Cell surface hydrophobicity dramatically increases during cellular morphogenesis. (a, d, g) Adhesion force maps (1 μm × 1 μm, color scale: 3000 pN) recorded in buffer on a non-germinating WT yeast cell (a), a WT germ tube (d), and an als3Δals3Δ/als1Δals1Δ (Δals3Δals1) germ tube (g) using hydrophobic tips. (b, e, h) Corresponding adhesion force histograms (n = 1024) together with representative force curves. (c, f, i) Histograms of rupture distances (n = 1024), and 3-D reconstructed hydrophobicity maps (false colors, adhesion forces in orange). Similar data were obtained in independent experiments using different tips and cultures.

Figure 8

Imaging and stretching single mannan glycoconjugates during cellular morphogenesis. (a, d, g) Adhesion force maps (1 μm × 1 μm, color scale: 300 pN) recorded in buffer on a non germinating yeast (a), on a germinating yeast (d) and on a germ tube (g) using an AFM tip labelled with ConA lectins. Insets: deflection images in which the * symbol indicates where the force maps were recorded. (b, e, h) Corresponding adhesion force histograms together with representative force curves. (c, f, i) Histograms of rupture distances (n = 1024), and 3-D reconstructed polymer maps (false colors, adhesion forces in blue). Similar data were obtained in independent experiments using different tips and cultures.

Figure 9

Probing mannans on cell wall mutants. (a, d, g) Adhesion force maps (1 μm × 1 μm, color scale: 300 pN) recorded in buffer with a Con A tip on a mnt1Δ/mnt1Δ mnt2Δ/mnt2Δ mnt3Δ/mnt3Δ mnt4Δ/mnt4Δ mnt5Δ/mnt5Δ (Δmnt1-5) germ tube altered in O-linked and N-linked mannosylations (a), on a als3Δals3Δ/als1Δals1Δ (Δals3Δals1) germ tube (d), and on a als3Δals3Δ/als1Δals1Δ (Δals3Δals1) germ tube blocked with 200 mM methyl α-D-mannopyranoside (g). (b, e, h) Corresponding adhesion force histograms together with representative force curves. (c, f, i) Histograms of rupture distances (n = 1024), and 3-D reconstructed polymer maps (false colors, adhesion forces in blue).
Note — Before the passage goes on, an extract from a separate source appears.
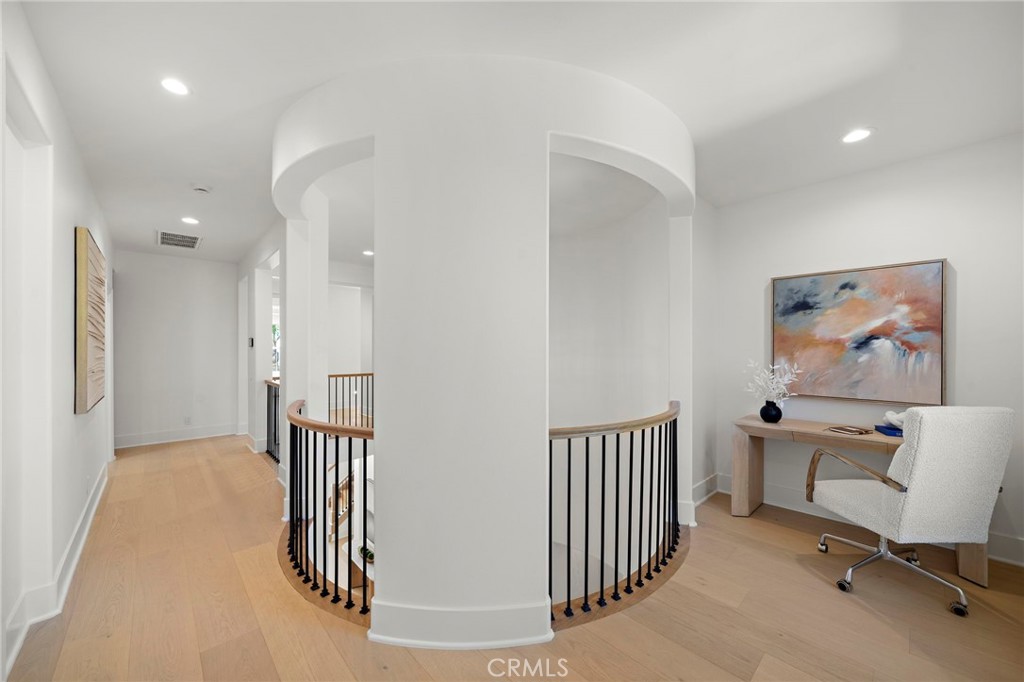 Serena (SRNA) - Residential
Similar data were obtained in independent experiments using different tips and cultures.

Figure 10

Towards a molecular and functional view of Als3 and mannans during Candida albicans morphogenesis. Germination of C. albicans leads to a major increase in the distribution and extension of Als3 proteins (green) and their associated mannans (blue) on the hyphae surface, a phenomenon which promotes adhesion to various surfaces (see text for details).